=== INSTRUCTIONS FOR THE TASK ===
Please output the data exactly, minus pictures.

=== PROVIDED DATA ===

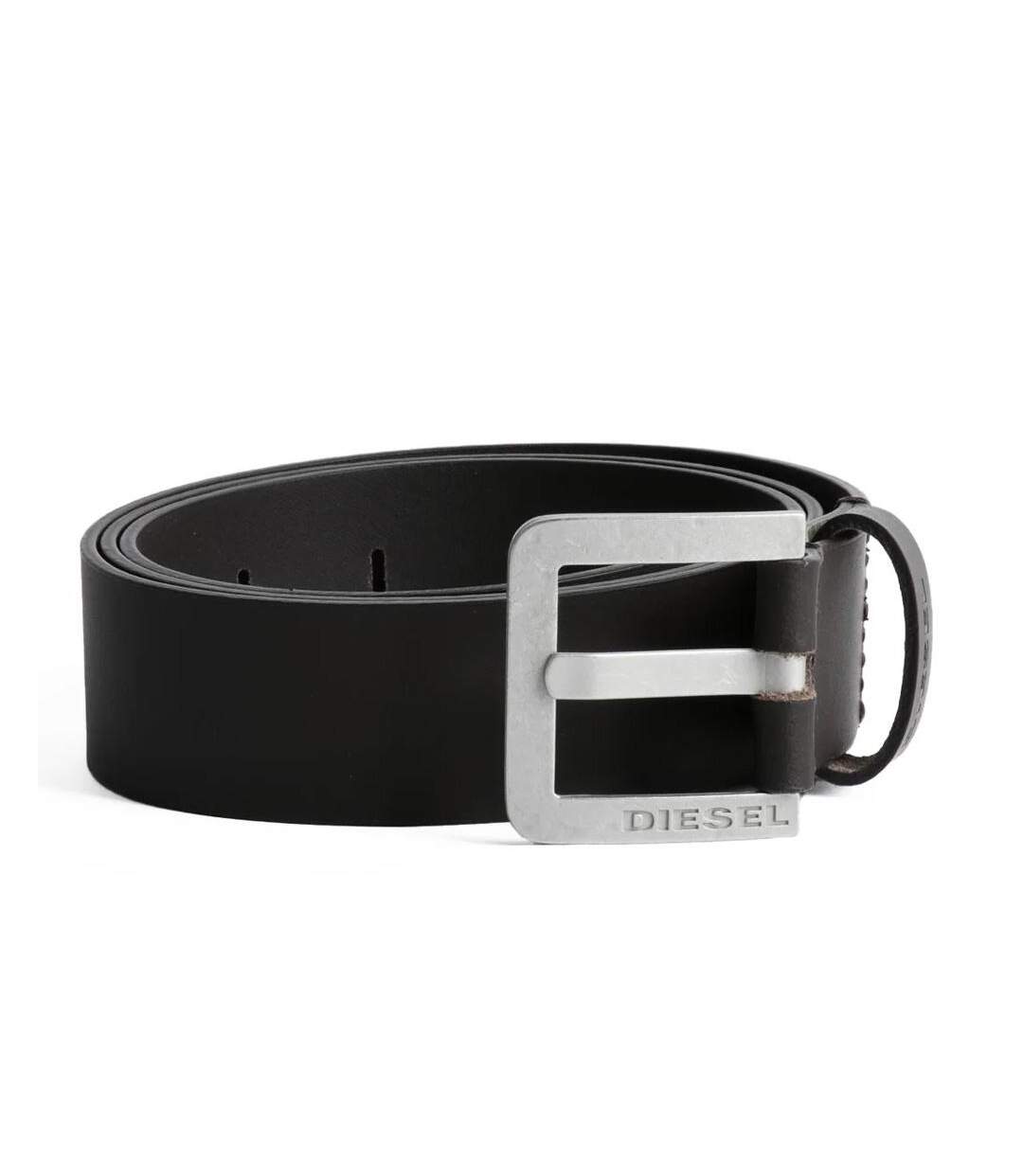 Ceinture marron foncé homme diesel bbasic belt x10648-1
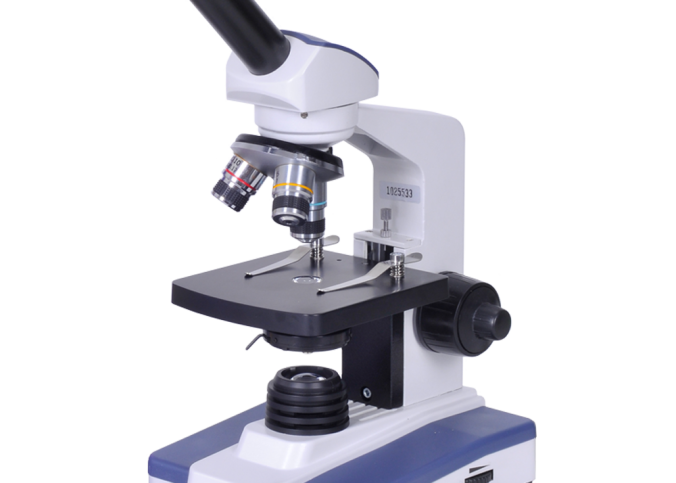 parts of microscope labeled
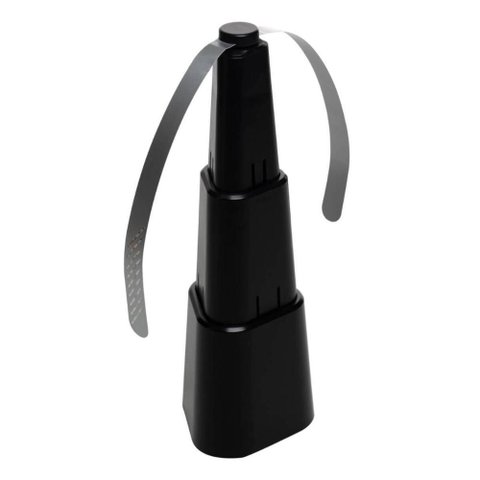 Ventilador de Mesa Repelente Retrátil Pequeno a Pilha 26x8cm Plástico Preto Lyor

=== ANSWER SECTION ===
 Ceinture marron foncé homme diesel bbasic belt x10648-1
 parts of microscope labeled
 Ventilador de Mesa Repelente Retrátil Pequeno a Pilha 26x8cm Plástico Preto Lyor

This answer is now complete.